Last week’s episode of Sleepy Hollow began with Abbie Mills extolling the virtues of baseball for Ichabod Crane. Of course, Sleepy Hollow being Sleepy Hollow, where subtext is as conspicuous as a catcher flashing signs, Abbie wasn’t only talking about the American Pastime. She was talking about America, too. Or America as it should be. “For me, baseball is about three things,” she told the 18th-century Rip Van Winkle, recently awakened from a 232-year-long dirt nap. “First, tradition. Rules never change. You can always count on the grass to be green, the lines to be white. No matter how crazy the world gets, it makes you feel safe, like everything is going to be okay. Second, it’s about teamwork. Players have to have faith in each other and watch each other’s backs. Because without that the team won’t work. But what I love is that this sport does not discriminate. You can be a short long reliever or long shortstop, black, white, Hispanic — now that is the American dream.”
Crane’s eyes flashed with enlightenment. Abbie was speaking his language: Logical if fancifully articulated idealism. Like Thomas Paine applying Common Sense to sports. “So baseball represents the spirit of democracy?”

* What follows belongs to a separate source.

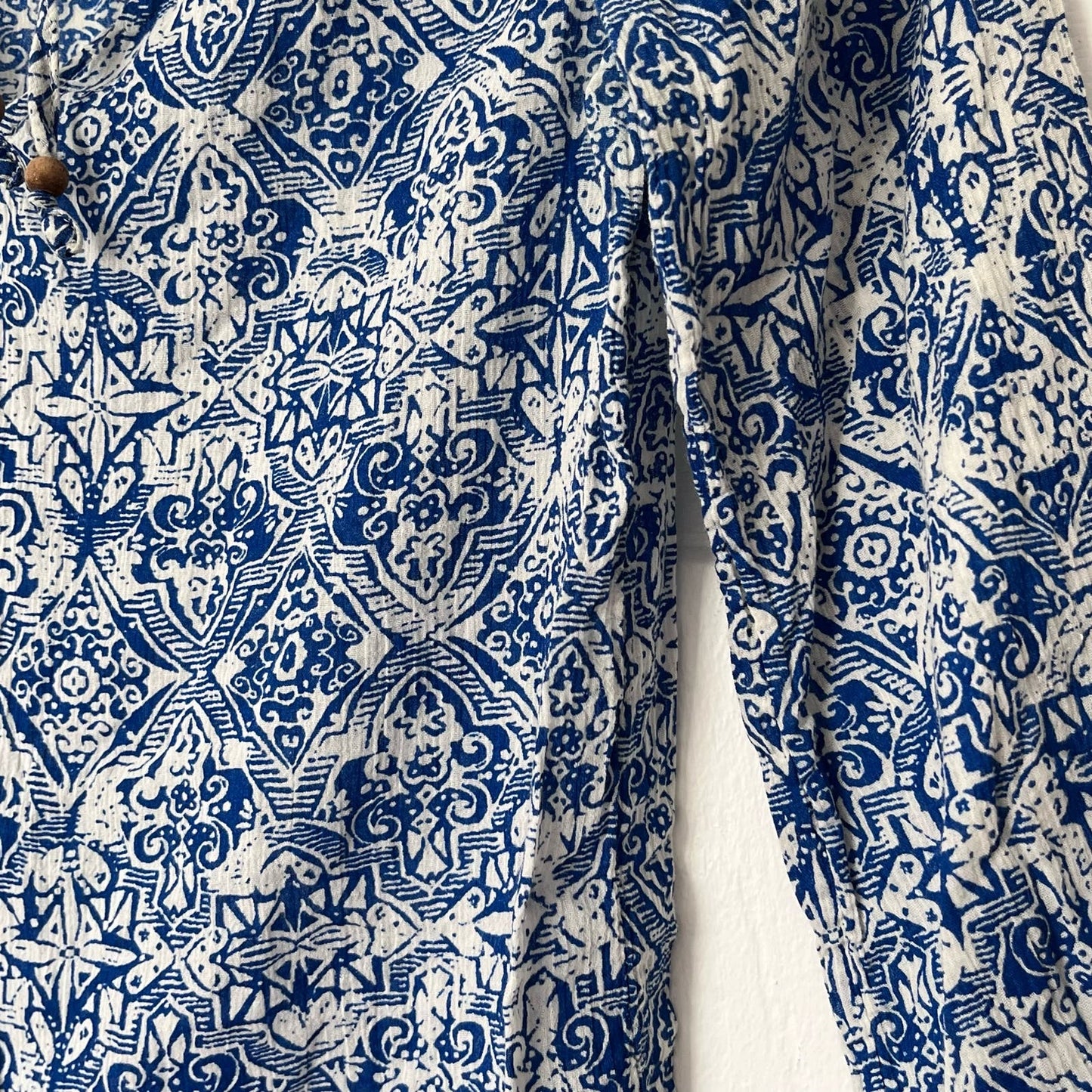 Lucky Brand Lino Print Peasant Top - Size S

“It is what you guys were fighting for, right?” By “it,” Abbie meant “freedom.” Specifically the freedom the criticize authority, be they leaders of state or arbiters of sporting matches. And so Ichabod exercised the right he and his fellow old-school revolutionaries bled for by rising up and chewing out the umpire. “You! Basket face! I thought only horses slept standing up!”

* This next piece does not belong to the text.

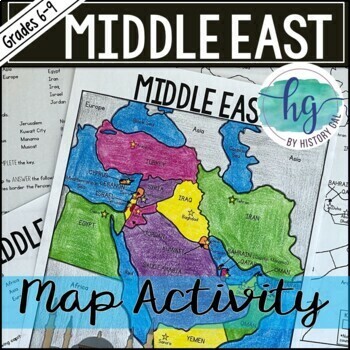 Preview of Middle East Map Activity (Print and Digital)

All this, from a show that re-imagines Washington Irving’s classic 1820 short story as a cheeky-creepy buddy cop apocalypse pop, in which The Headless Horseman is not a twisted joke gone awry but Death, the Pale Rider of Revelations. Yet Sleepy Hollow, now entering the second half of its 13-episode rookie season, seems insistent on being something slightly more interesting than mere escapism; it seems to want to be a kind of light beer alternative to American Horror Story, serving less prickly/tastes great gonzo goth hoppy with mildly subversive subtext. Where AHS is fixated with sex, gender, and race, Sleepy Hollow sweats this “spirit of democracy” business. Are you the kind of American who believes our basic freedoms are currently imperiled? That subversive foreign agents are plotting against us or conspiracies of powerful men are the real movers and shakers of civilization? That the “official version” of anything is a cover-up for something sinister? Then Sleepy Hollow is your man in the stands, exercising his conscience and raging against basket-face authority.